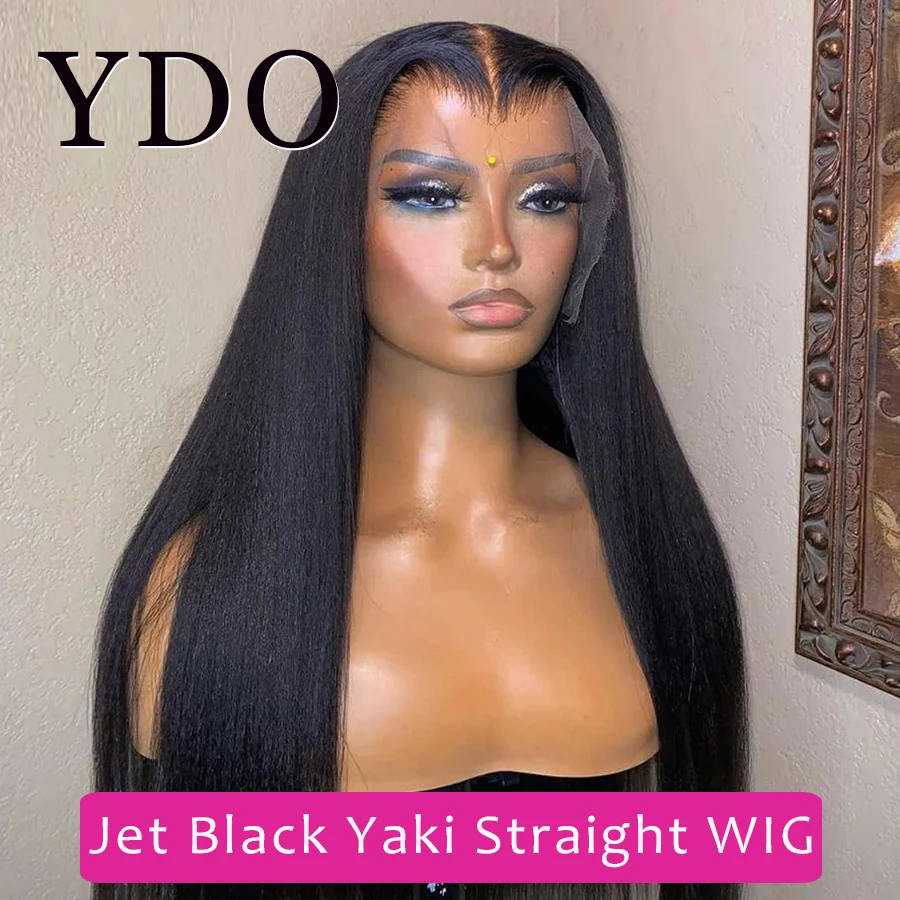 13x6 HD Lace Front Human Hair Wigs Yaki Straight Jet Black Pre Plucked Kinky Straight 13x4 HD Transparent Lace Frontal Wigs
13x6 HD Lace Front Human Hair Wigs Yaki Straight Jet Black Pre Plucked Kinky Straight 13x4 HD Transparent Lace Frontal Wigs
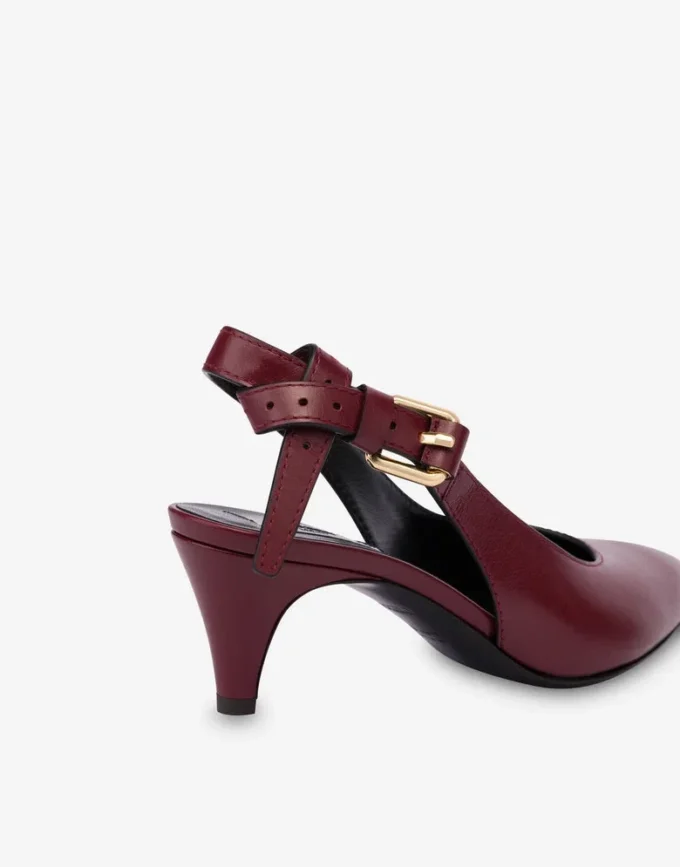 Escarpins à bride arrière en cuir de veau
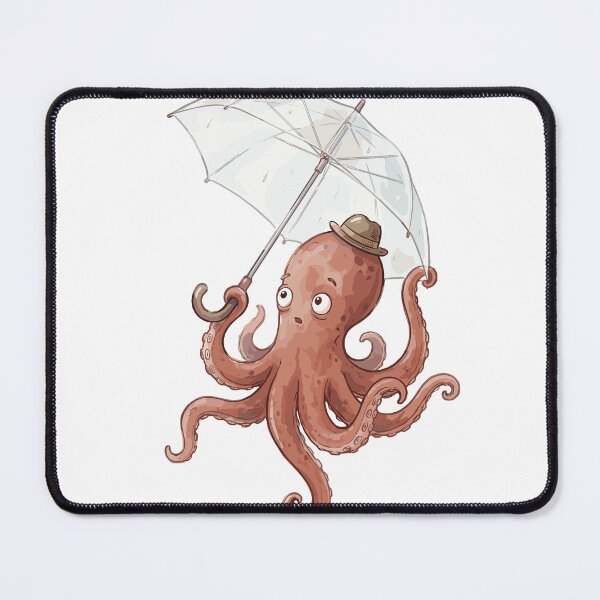 Item preview, Quirky Animals: Invisible Umbrella Octopus designed and sold by bapupa.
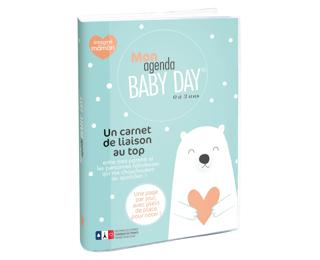 Agenda Baby Day 15 x 21 cm Journalier non daté 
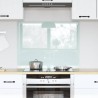 Crédence de cuisine Blanc 80 x 60 cm verre trempé 512913512913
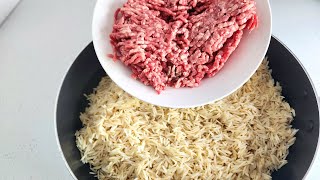 Add Minced Beef To Rice To Create This Tasty Meal  Minced Beef Fried Rice [upl. by Nnodnarb426]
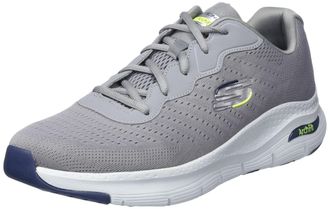 Skechers Mens 232303 ARCH FIT Sneaker, Gray, 10.5 UK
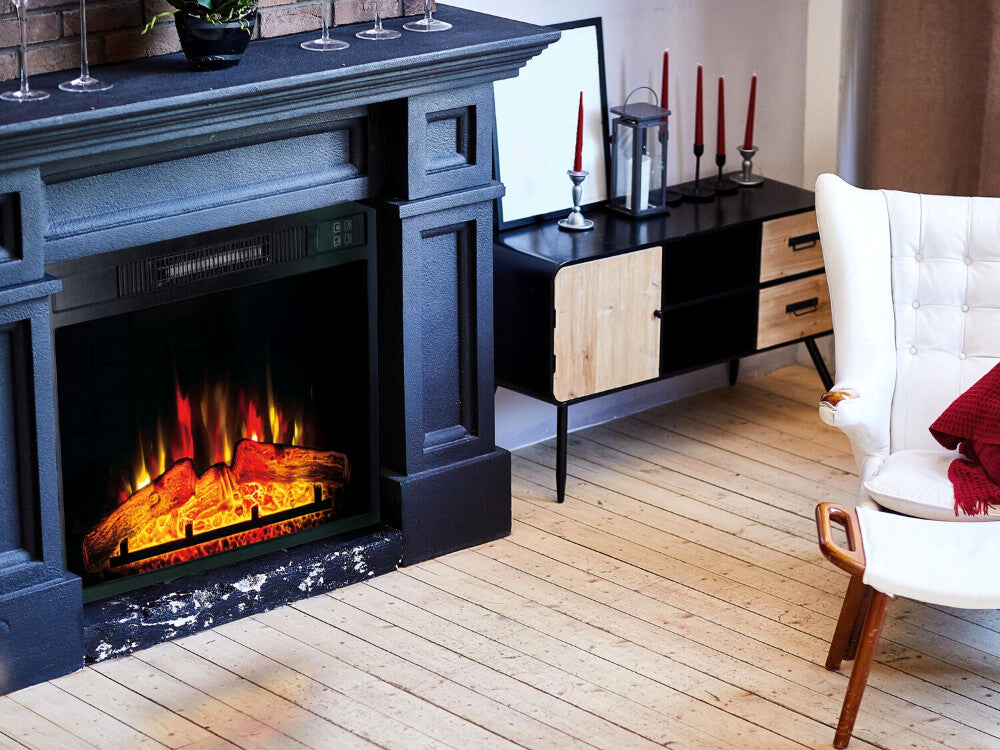 Lareira Elétrica de Encastrar Che-620 2000W - Chama Vermelha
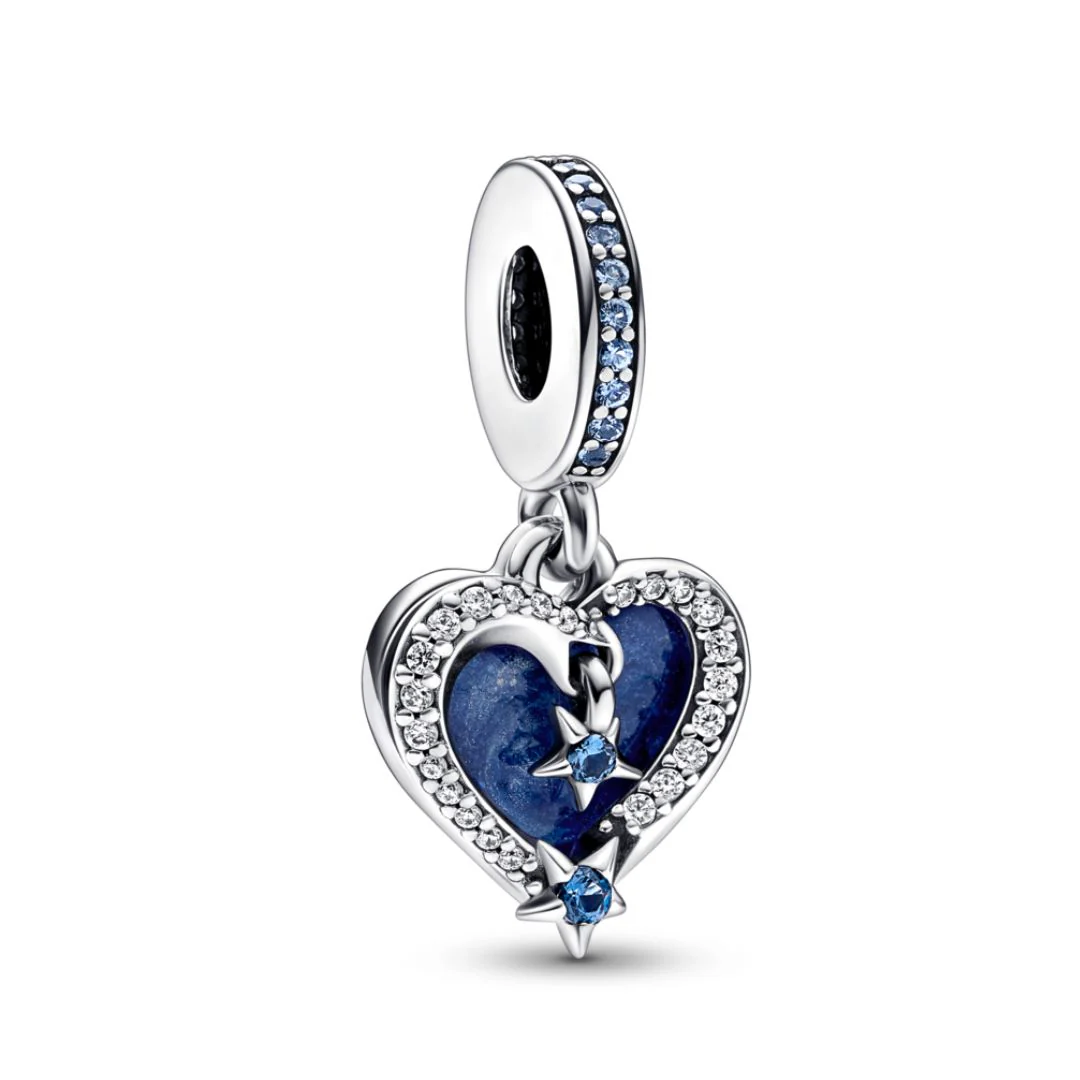 Pandora Moments Celestial Shooting Star Heart hela, hopea, 792356C01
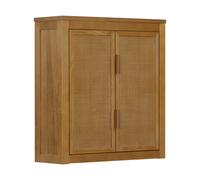 Teamson Home Hatteras Bathroom Wall Cabinet Rattan Doors, Natural Teamson Home Natural
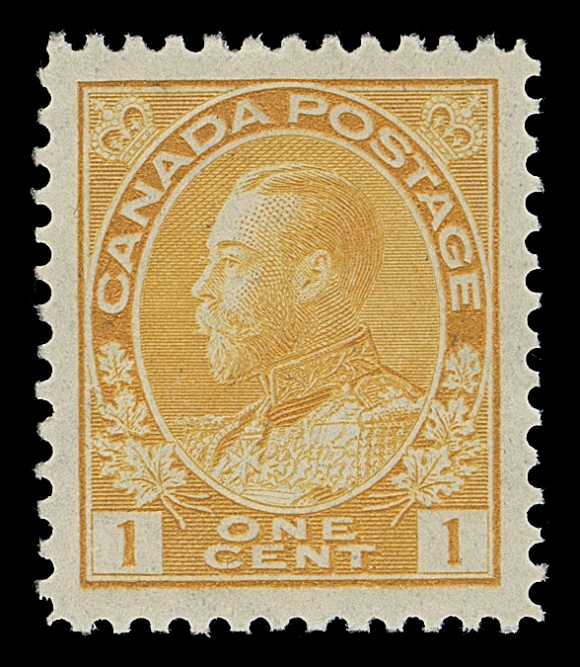 CANADA  105f,A precisely centered mint example within balanced large margins, lovely bright impression, XF NH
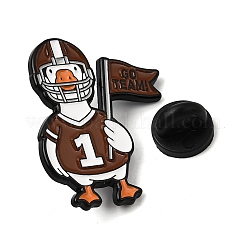 Sports Rugby Theme Enamel Brooches&nbsp;JEWB-I064-02EB-03
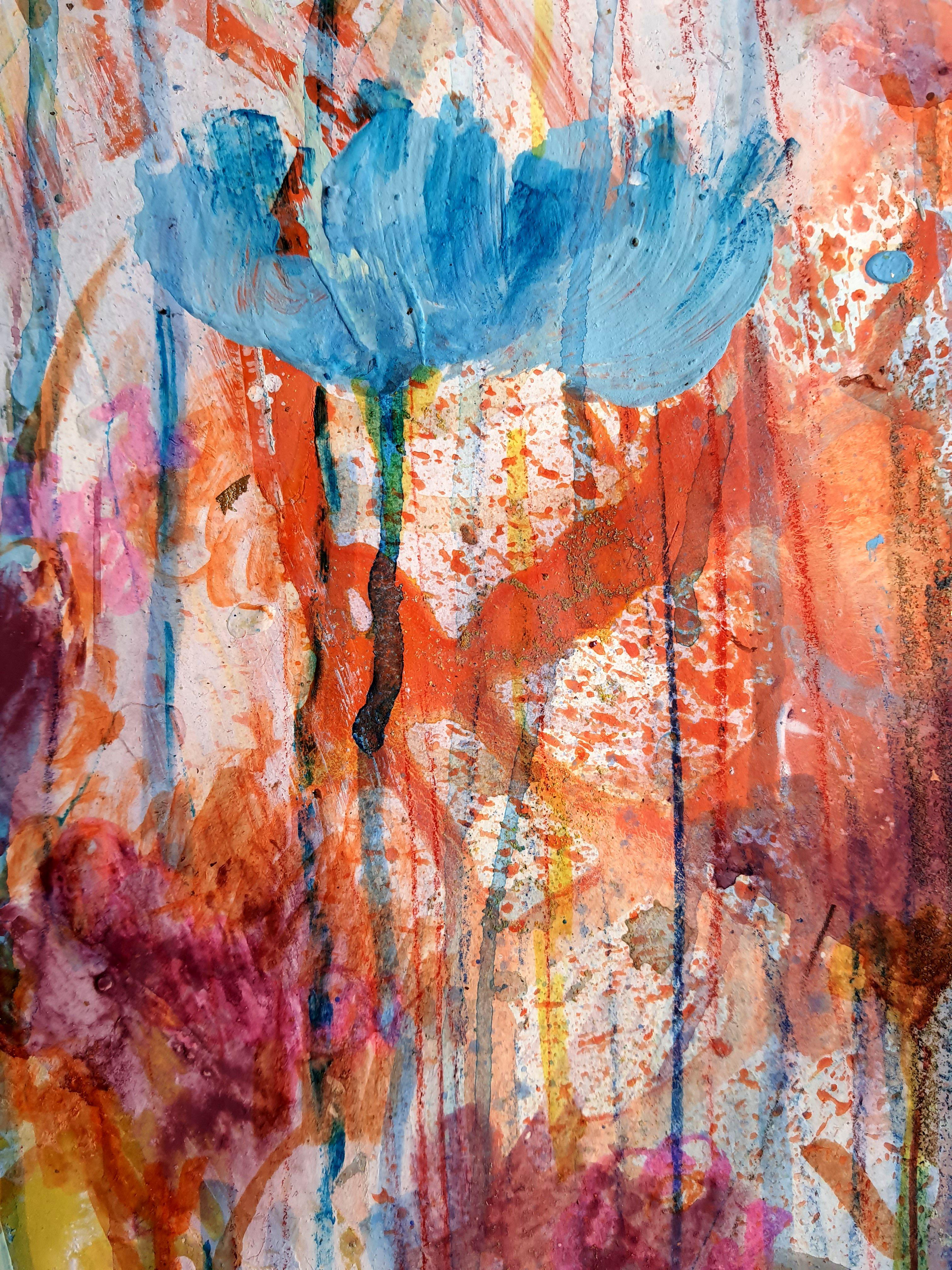 Fantasía con flores 95 en venta 6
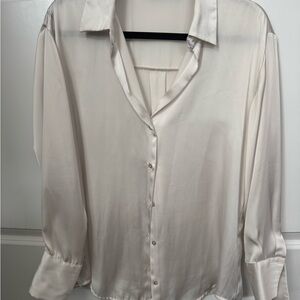 ZARA Cream blouse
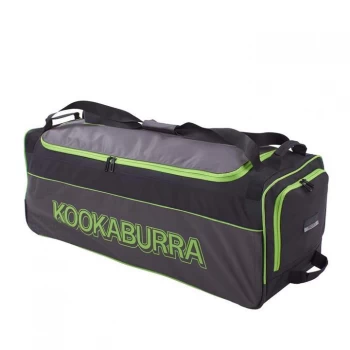 Image of Kookaburra Pro 3.0 Wheeled Holdall - Black/Lime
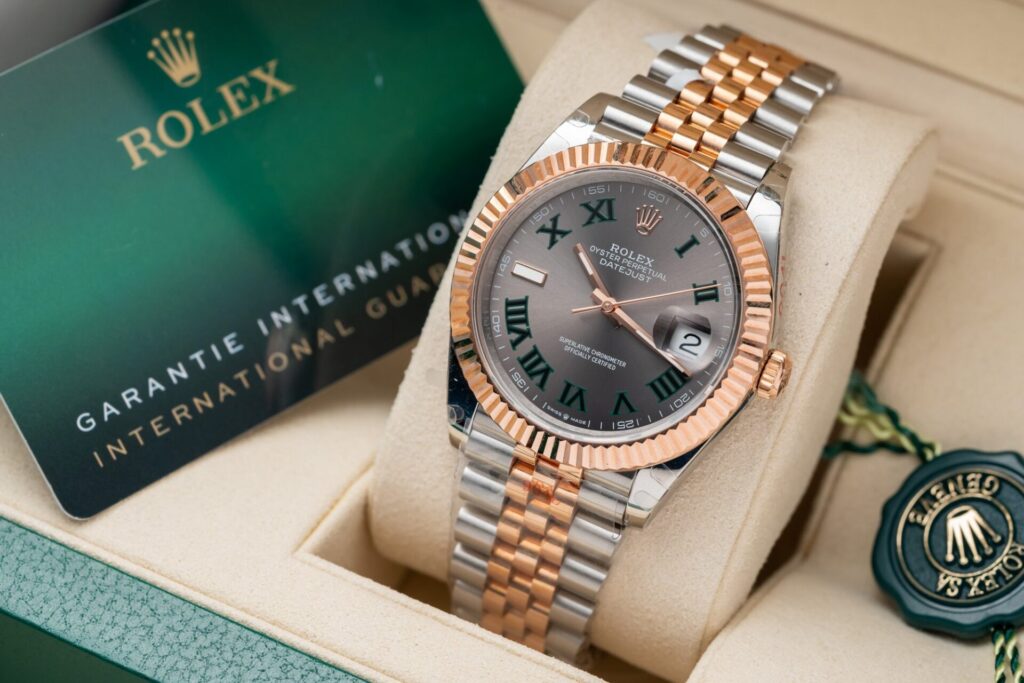Super Clone Rolex Datejust Slate Roman Dial 126331-0016 41 mm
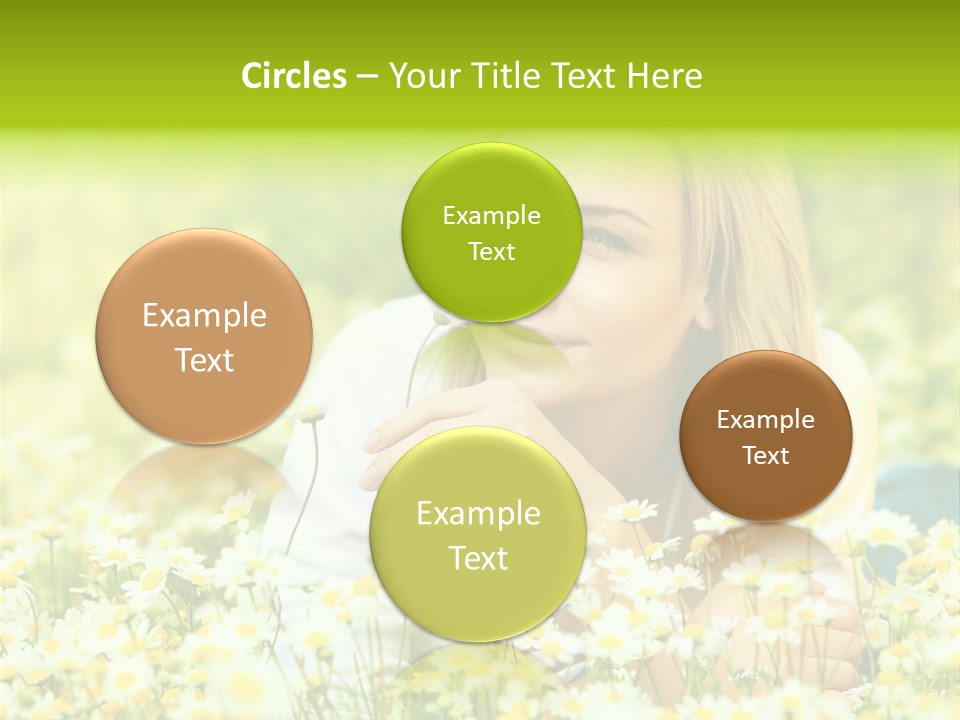 Model Sunny Female PowerPoint Template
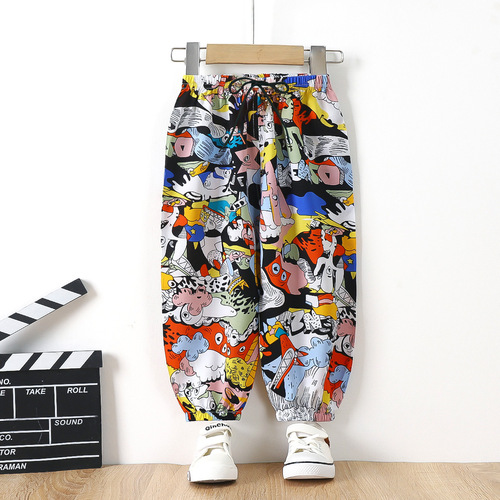 New Arrival in Stock Summer Thin Breakdance Hip-Hop Style Lantern Insect-Repellent Pants for Boys and Girls Wholesale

Try it =>
Could the stretch from the line with "Agenda Baby Day" through the line with "Pandora Moments Celestial" in the listing above be restated word for word, minus the pictures?

Written answer =>
 Agenda Baby Day 15 x 21 cm Journalier non daté 
 Crédence de cuisine Blanc 80 x 60 cm verre trempé 512913512913
 Add Minced Beef To Rice To Create This Tasty Meal  Minced Beef Fried Rice [upl. by Nnodnarb426]
 Skechers Mens 232303 ARCH FIT Sneaker, Gray, 10.5 UK
 Lareira Elétrica de Encastrar Che-620 2000W - Chama Vermelha
 Pandora Moments Celestial Shooting Star Heart hela, hopea, 792356C01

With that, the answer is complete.